Start of Records
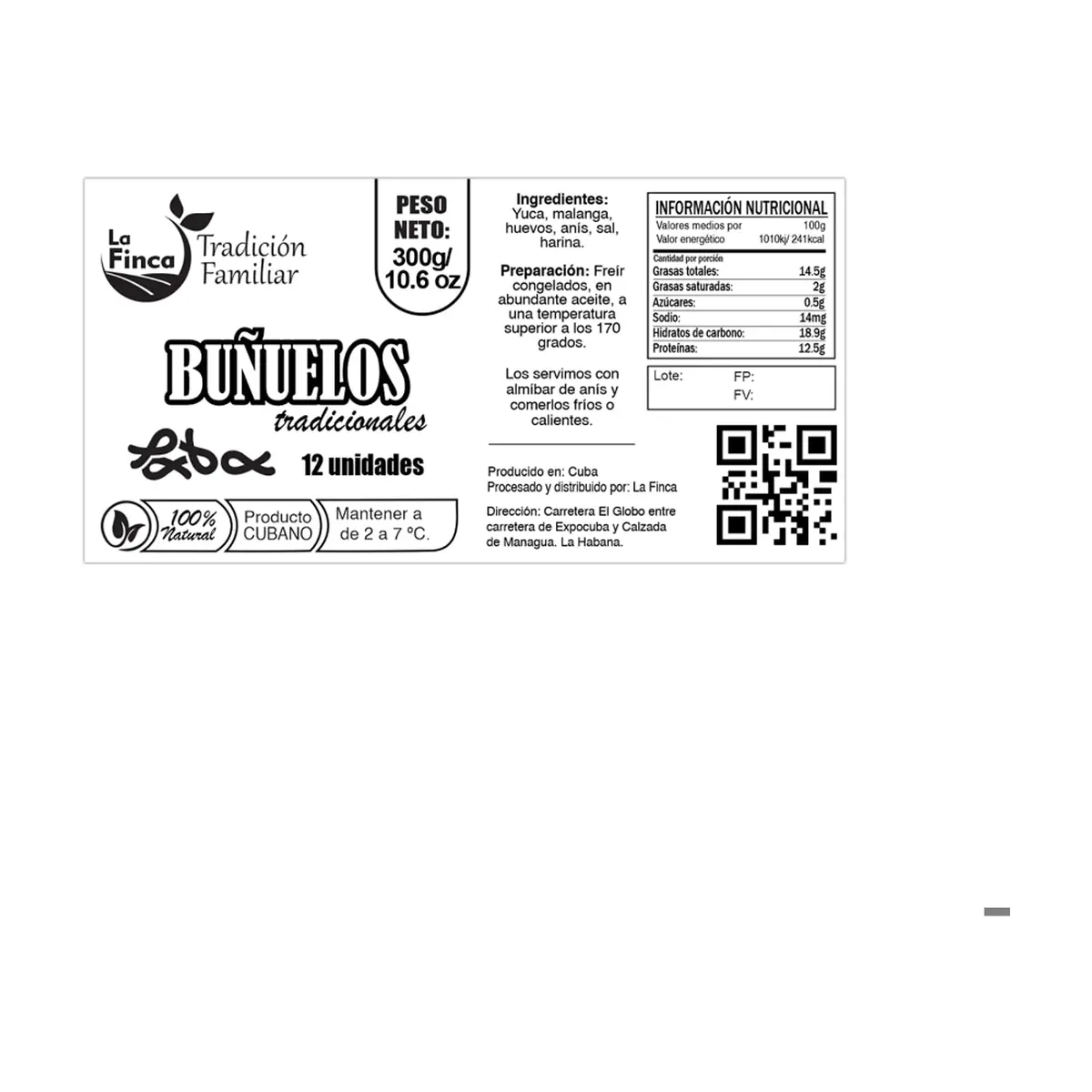 Buñuelos tradicionales La Finca (300 g / 10.6 oz) - Miniatura 3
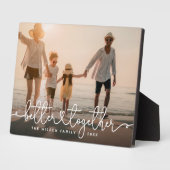 De beter samen Moderne Foto van de Aangepaste Fami Fotoplaat (Zijkant)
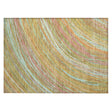 Addison Chantille ACN2094 Swirls Machine Made Transitional Gold Rug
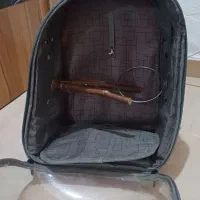 کوله پشتی پرنده و گربه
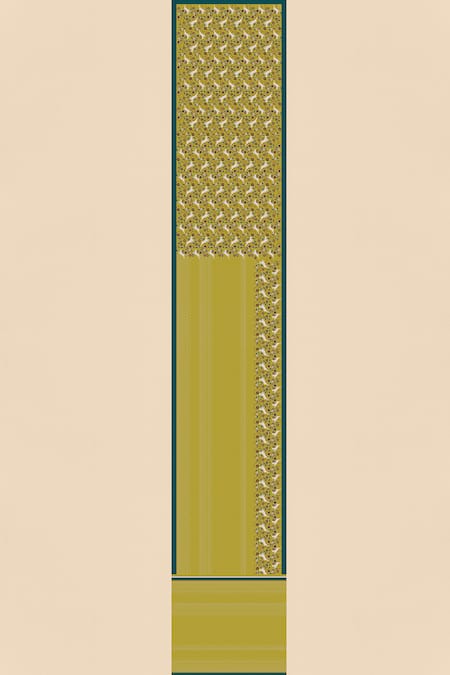 Shop Thee Modern Roots Green Crepe Animal Print Saree With Unstitched Blouse Piece Online at Aza Fashions Shop_Thee Modern Roots_Green Crepe Animal Print Saree With Unstitched Blouse Piece _Online_at_Aza_Fashions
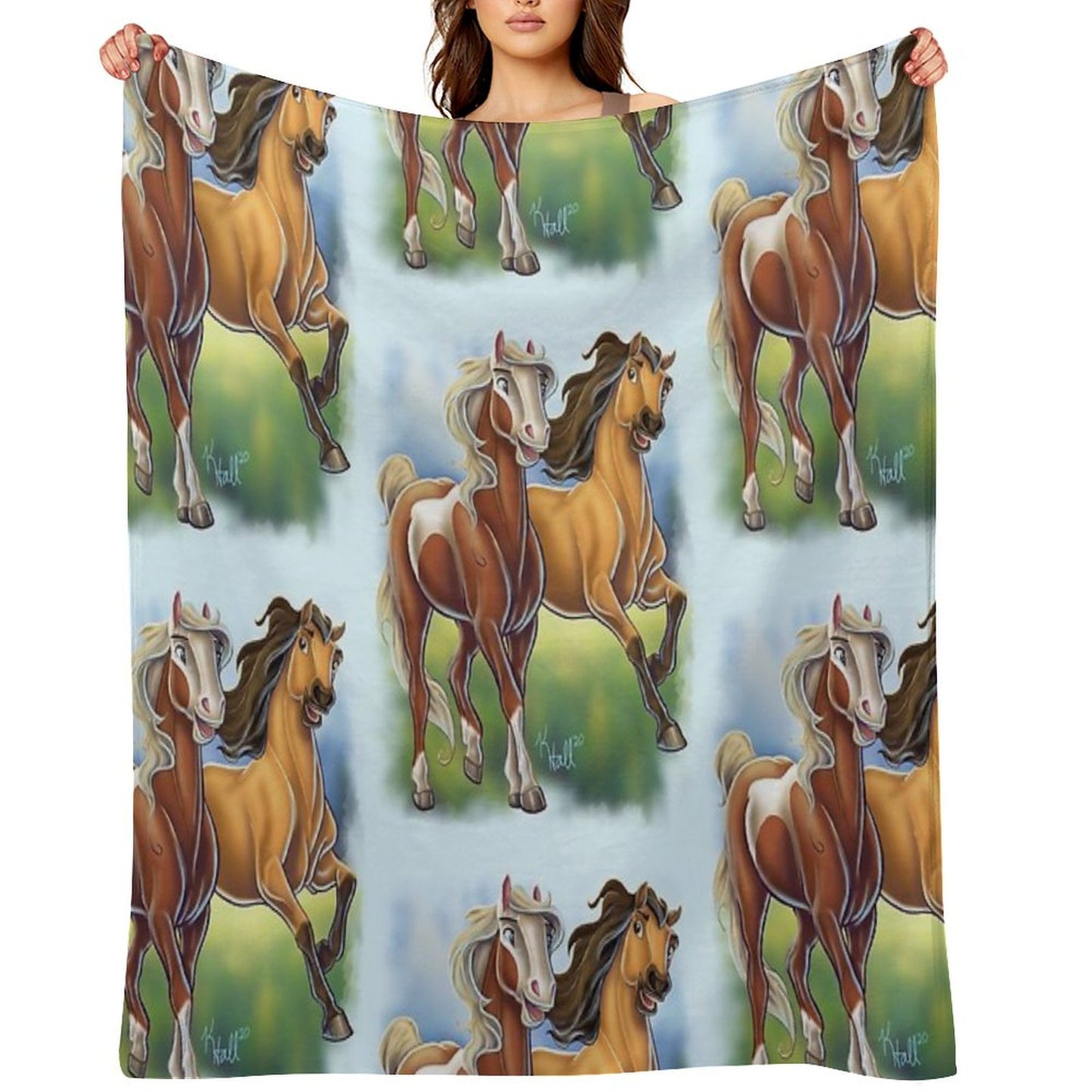 Spirit And Rain Throw Blanket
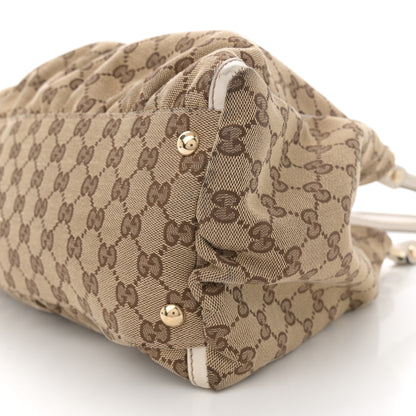 Gucci Monogram Large D Gold Ring Hobo Off White 10 of 13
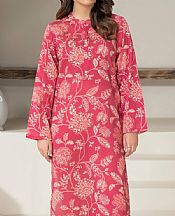 Limelight Warm Pink Khaddar Kurti- Pakistani Winter Clothing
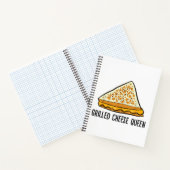 Carnet Fromage Grillé Queen Funny Fromage Grillé (Intérieur)
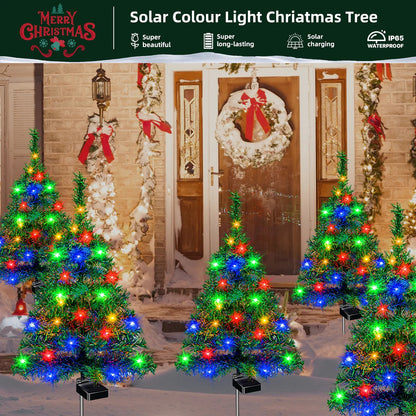 4-Solar Christmas Trees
End of Records
* [Assignment] Each record above, in full: return it exactly, pictures excluded.

* [Solution to this exercise]
 Buñuelos tradicionales La Finca (300 g / 10.6 oz) - Miniatura 3
 De beter samen Moderne Foto van de Aangepaste Fami Fotoplaat (Zijkant)
 Addison Chantille ACN2094 Swirls Machine Made Transitional Gold Rug
 کوله پشتی پرنده و گربه
 Shop Thee Modern Roots Green Crepe Animal Print Saree With Unstitched Blouse Piece Online at Aza Fashions Shop_Thee Modern Roots_Green Crepe Animal Print Saree With Unstitched Blouse Piece _Online_at_Aza_Fashions
 Spirit And Rain Throw Blanket
 Gucci Monogram Large D Gold Ring Hobo Off White 10 of 13
 Limelight Warm Pink Khaddar Kurti- Pakistani Winter Clothing
 Carnet Fromage Grillé Queen Funny Fromage Grillé (Intérieur)
 4-Solar Christmas Trees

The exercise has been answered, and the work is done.